A Walk south down Spring Street from Fourth Street to Eighth Street. Mercantile Place.



• On the southwest corner of the intersection of Spring Street and Fourth Street is the stately Hotel Angelus, which opened for business December 28, 1901. Upon opening, it was the tallest building in the city. In the basement could be found a bowling alley, billiards room, buffet, and "finely furnished ladies' hair dressing parlor, with professional attendants."

• Such hotels usually have the greatest elegance on show; and so I tend to want to poke a stray eye in to see what's what. The lobby was palatial...

• ...As was the public parlor, or "Reception Room," as they called it.

• Rather more private was the Turkish Parlor—positively cozy, I'd say. And I'd blush when I'd say it.

• I picked up a book off one of the tables in the Turkish Parlor, and this old menu which someone had used as a bookmark fell out.

• Tearing ourselves away from the delights of the Hotel Angelus, we may proceed south down Spring Street's 400 block. Immediately south of the hotel, of which we see a corner in this picture (on the right), are some old shops.
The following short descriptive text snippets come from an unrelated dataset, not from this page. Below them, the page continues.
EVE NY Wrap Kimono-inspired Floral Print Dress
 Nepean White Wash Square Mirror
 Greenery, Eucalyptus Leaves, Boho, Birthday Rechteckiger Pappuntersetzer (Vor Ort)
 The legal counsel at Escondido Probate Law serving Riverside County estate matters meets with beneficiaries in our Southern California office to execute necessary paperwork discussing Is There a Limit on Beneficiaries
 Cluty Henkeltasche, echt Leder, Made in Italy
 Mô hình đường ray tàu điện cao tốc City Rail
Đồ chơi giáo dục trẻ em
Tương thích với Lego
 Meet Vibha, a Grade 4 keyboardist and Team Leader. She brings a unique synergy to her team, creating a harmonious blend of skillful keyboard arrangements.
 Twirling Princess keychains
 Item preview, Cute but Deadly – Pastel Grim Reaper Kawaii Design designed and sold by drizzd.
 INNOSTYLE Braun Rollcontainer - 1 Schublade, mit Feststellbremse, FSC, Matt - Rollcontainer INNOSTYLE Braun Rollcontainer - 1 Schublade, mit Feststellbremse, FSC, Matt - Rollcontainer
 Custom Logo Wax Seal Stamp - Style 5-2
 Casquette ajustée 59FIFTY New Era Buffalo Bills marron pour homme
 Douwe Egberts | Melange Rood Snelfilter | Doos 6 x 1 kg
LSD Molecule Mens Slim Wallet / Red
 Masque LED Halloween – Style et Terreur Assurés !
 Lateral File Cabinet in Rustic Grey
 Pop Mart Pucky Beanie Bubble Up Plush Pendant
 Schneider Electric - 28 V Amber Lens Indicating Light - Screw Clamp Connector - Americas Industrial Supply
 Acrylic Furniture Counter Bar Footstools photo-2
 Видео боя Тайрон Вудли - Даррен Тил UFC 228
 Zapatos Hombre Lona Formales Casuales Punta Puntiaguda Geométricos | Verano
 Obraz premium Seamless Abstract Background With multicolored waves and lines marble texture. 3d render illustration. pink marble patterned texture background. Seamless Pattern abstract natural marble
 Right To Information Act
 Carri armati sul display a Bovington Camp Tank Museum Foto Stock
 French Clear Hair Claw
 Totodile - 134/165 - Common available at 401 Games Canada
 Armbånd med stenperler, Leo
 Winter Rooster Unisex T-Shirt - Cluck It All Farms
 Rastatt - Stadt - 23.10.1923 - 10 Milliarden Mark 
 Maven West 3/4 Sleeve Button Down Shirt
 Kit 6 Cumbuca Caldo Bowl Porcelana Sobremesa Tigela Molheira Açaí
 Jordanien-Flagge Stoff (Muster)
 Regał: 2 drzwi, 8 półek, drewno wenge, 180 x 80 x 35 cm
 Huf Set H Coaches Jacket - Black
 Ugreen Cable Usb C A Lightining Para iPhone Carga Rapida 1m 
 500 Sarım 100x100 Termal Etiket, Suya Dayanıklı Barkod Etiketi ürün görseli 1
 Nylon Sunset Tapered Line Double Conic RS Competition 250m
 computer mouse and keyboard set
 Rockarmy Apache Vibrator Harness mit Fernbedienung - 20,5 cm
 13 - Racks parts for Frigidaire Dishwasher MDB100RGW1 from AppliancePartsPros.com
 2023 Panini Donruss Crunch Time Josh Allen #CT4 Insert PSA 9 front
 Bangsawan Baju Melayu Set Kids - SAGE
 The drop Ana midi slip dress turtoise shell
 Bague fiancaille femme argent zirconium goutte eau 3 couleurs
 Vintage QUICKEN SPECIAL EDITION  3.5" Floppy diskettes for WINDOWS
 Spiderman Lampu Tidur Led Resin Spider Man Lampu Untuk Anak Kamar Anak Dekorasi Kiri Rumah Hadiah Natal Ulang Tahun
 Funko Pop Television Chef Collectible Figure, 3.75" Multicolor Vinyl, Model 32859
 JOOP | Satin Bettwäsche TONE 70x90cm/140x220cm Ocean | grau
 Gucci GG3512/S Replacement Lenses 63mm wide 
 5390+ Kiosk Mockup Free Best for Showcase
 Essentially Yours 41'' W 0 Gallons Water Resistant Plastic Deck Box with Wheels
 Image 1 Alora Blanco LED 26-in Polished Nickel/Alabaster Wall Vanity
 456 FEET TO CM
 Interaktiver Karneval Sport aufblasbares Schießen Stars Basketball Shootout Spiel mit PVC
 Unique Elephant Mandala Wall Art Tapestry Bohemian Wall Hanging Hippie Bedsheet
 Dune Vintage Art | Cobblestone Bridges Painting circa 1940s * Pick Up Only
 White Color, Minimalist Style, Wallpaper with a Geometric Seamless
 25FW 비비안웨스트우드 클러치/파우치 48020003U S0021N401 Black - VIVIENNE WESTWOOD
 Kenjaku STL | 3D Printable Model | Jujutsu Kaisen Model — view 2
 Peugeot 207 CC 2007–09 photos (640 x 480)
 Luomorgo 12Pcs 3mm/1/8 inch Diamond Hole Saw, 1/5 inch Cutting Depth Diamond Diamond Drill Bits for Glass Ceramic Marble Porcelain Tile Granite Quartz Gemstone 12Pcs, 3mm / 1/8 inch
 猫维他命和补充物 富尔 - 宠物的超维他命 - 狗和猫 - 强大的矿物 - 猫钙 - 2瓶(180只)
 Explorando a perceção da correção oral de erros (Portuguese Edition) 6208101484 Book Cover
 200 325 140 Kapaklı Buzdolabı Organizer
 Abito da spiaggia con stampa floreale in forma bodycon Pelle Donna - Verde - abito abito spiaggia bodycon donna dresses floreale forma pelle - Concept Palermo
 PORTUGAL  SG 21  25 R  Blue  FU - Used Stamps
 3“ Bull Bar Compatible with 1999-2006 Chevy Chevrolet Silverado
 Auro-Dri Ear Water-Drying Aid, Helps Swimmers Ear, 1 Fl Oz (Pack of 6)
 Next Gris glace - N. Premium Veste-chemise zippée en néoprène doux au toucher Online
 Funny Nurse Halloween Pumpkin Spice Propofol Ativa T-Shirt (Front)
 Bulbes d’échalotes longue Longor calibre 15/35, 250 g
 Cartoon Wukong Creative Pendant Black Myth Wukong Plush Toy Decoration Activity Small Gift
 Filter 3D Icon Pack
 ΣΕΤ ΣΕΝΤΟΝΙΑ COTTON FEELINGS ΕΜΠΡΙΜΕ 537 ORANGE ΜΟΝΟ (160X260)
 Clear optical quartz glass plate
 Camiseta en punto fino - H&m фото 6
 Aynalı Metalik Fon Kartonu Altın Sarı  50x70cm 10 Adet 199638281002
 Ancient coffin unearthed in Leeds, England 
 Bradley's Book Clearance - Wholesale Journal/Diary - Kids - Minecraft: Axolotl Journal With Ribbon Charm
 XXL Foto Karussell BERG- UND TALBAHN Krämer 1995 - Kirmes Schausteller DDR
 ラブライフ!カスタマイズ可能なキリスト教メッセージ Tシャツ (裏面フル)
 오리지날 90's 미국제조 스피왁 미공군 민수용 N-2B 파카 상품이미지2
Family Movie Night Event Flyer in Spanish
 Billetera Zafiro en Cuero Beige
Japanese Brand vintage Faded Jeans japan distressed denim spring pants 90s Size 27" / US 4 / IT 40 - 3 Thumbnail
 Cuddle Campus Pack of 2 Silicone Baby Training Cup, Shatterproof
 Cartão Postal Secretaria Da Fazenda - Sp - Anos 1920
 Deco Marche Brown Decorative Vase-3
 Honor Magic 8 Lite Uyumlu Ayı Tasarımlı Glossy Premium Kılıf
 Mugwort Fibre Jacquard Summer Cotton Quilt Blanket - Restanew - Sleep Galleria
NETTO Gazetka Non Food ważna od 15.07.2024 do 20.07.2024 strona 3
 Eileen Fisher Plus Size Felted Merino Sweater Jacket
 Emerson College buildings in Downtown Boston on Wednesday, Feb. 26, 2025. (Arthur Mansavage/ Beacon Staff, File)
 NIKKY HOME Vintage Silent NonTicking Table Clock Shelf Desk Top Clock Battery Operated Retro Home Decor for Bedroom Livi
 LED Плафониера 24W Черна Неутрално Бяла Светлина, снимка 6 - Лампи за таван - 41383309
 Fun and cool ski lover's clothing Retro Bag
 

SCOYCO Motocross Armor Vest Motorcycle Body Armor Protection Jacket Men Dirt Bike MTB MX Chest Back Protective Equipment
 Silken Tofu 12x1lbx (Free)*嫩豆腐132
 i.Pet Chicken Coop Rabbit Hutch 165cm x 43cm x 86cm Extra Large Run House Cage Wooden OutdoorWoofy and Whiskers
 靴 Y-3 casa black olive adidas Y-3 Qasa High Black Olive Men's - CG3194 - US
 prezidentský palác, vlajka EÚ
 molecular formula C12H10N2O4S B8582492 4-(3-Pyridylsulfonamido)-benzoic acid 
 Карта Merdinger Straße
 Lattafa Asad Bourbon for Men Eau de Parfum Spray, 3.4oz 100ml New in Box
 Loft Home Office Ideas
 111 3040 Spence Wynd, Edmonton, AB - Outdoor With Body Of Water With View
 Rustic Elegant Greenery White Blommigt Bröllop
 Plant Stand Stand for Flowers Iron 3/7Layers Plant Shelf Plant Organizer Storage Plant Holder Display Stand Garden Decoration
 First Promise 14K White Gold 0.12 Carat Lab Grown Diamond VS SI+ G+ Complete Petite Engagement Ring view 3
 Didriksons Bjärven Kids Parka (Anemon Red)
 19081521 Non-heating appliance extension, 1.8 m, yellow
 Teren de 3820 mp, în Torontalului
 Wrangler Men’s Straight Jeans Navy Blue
• As we continue south, we turn and look north several times as we proceed, seeing one of the most photographed (and ever-changing) street scenes in Los Angeles. The building prominently marked as the Hibernian Building is the one we knew in the previous episode as The Union Trust Building, and which is also known as the Braly Building and the Continental Building. Long-term Angelenos will note in the lower picture the sign for Barker Bros. furniture, a company which was prominent in the Los Angeles area for many many years. While we saw that Main Street, with its sprinkling of churches, hotels, and theaters, was diversified in its services, the business of Spring Street is business, businessman's business, financial and soberly professional.

• One last look . . .

• Before the Union Trust Building, before the Hotel Angelus, this was the scene at the middle of the south 400s block, looking north. We see a bit of the Barker Bros. Furniture wall-sign at right, a sign which would persist into later times (we can see it in one of the views above).

• Built in 1913, the sleek Hotel Stowell, at 414-416-418 S. Spring St., would fit into the second lot south of the Union Trust Bldg. The Hotel Stowell would later be known as the El Dorado.

• As the Baby was crying, Mother decided to walk into the hotel and set in the lobby for a while with him. His cries echoed from lobby to hall, and—I had no doubt—up and down the stairwells. "Babies," quoth I, loud enough to be heard by nearby hotel guests, "are an ornament to Society." "Speaking of ornaments to Society," said Charley, "where's the desk clerk? No wonder he's 'tipless'!" Minnie sighed that "he's watching us from behind the bouquets. His nose is large, but the tout ensemble is not unattractive."

• "Aye," grated a Scots voice from a very little man in a very big chair behind us, "your whole ensemble is fairly well a toot, if ye'll ask me!". "Well, sir," said Papa, a bit heatedly, "I didn't ask you, and I won't ask you!". "So there!" said young Frederick Johan. "Have you checked in?" asked a bellhop who appeared from nowhere. "We're not staying here," said Papa. "That's right," said the bellhop as he shooed us away, "you're not staying here—goodbye!"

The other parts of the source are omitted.